What is required – Return the lines of the material below exactly, beginning with the line that has "Ladies Gents half" in it and finishing with the line that has "Light Blue Luck Bandana Necklace" in it. Leave all pictures aside.
Data for this task section start
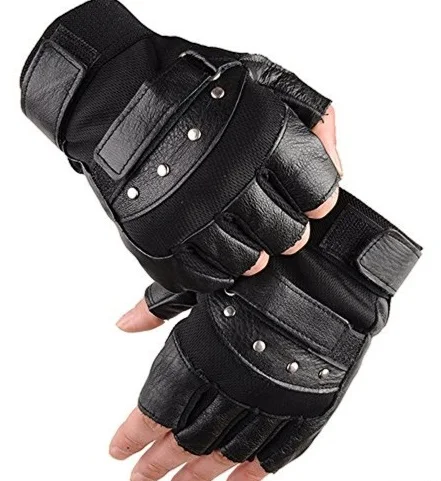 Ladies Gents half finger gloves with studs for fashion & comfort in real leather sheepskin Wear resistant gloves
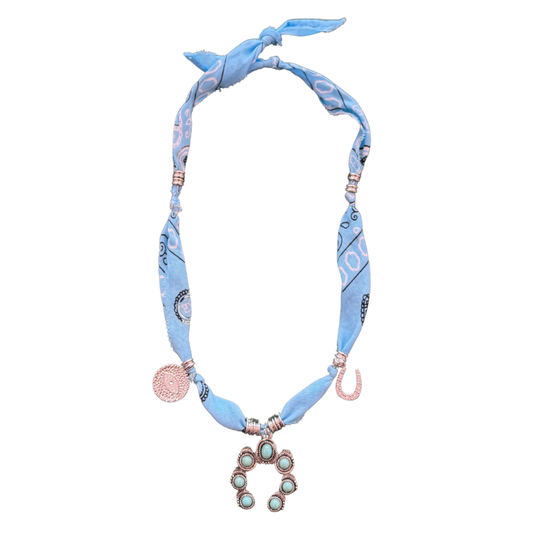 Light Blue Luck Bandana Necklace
Data for this task section end
Data for this task section start
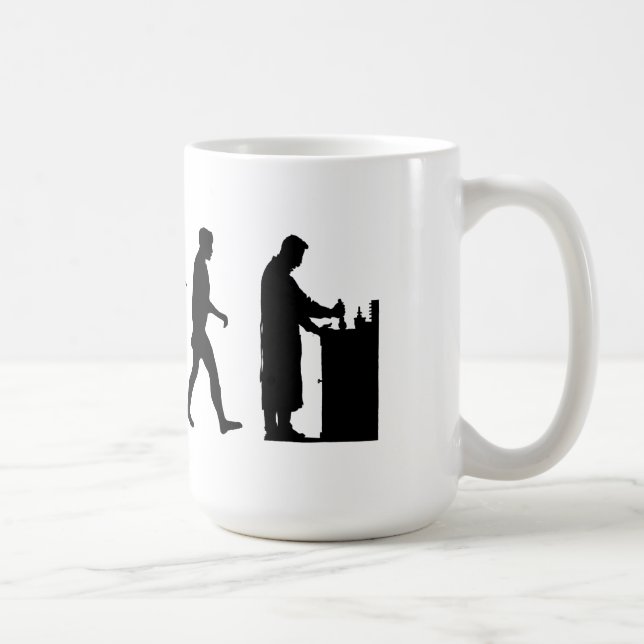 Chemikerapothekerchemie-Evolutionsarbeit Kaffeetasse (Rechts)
Data for this task section end
Data for this task section start
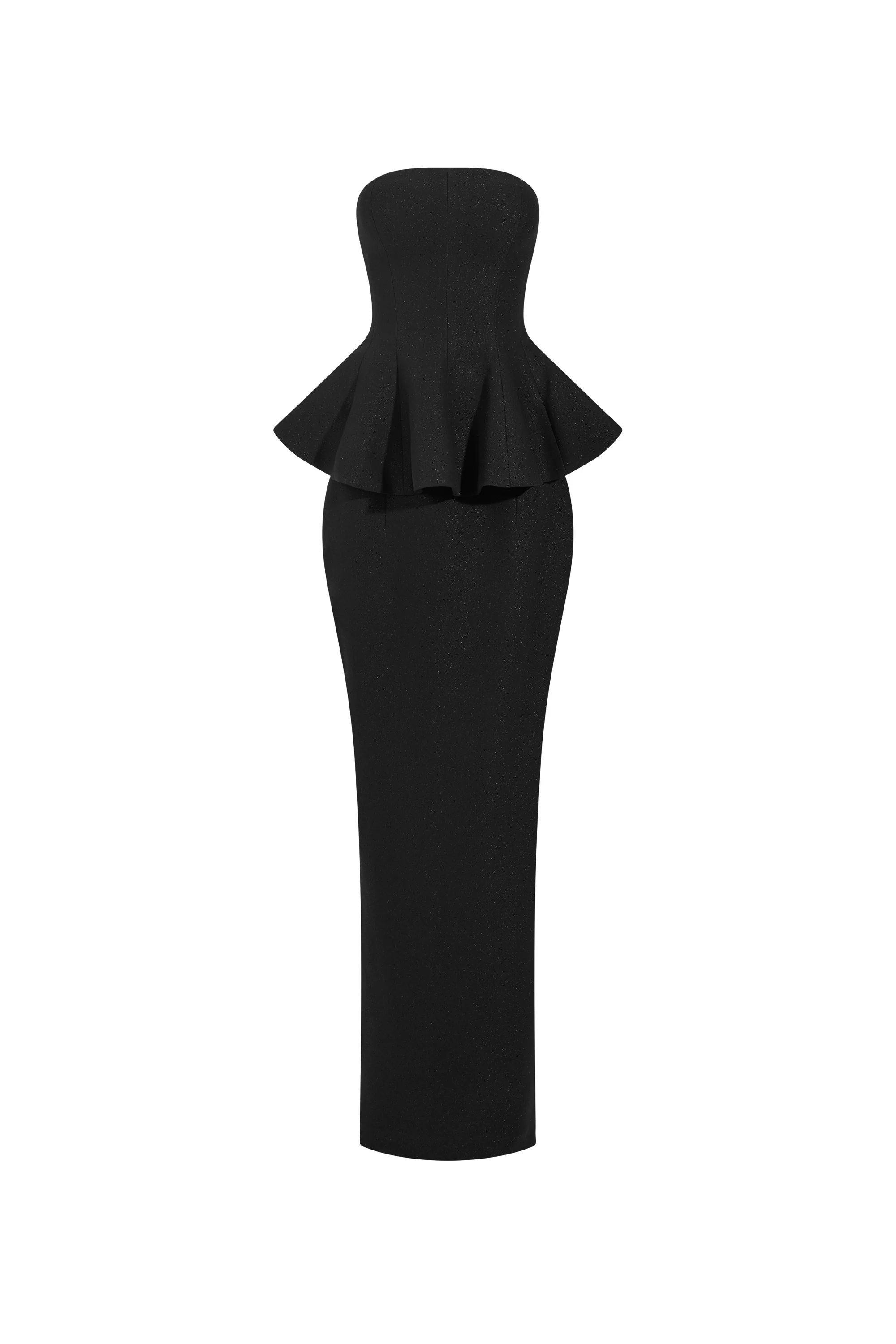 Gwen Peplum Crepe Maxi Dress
Data for this task section end
Final answer –
 Ladies Gents half finger gloves with studs for fashion & comfort in real leather sheepskin Wear resistant gloves
 Light Blue Luck Bandana Necklace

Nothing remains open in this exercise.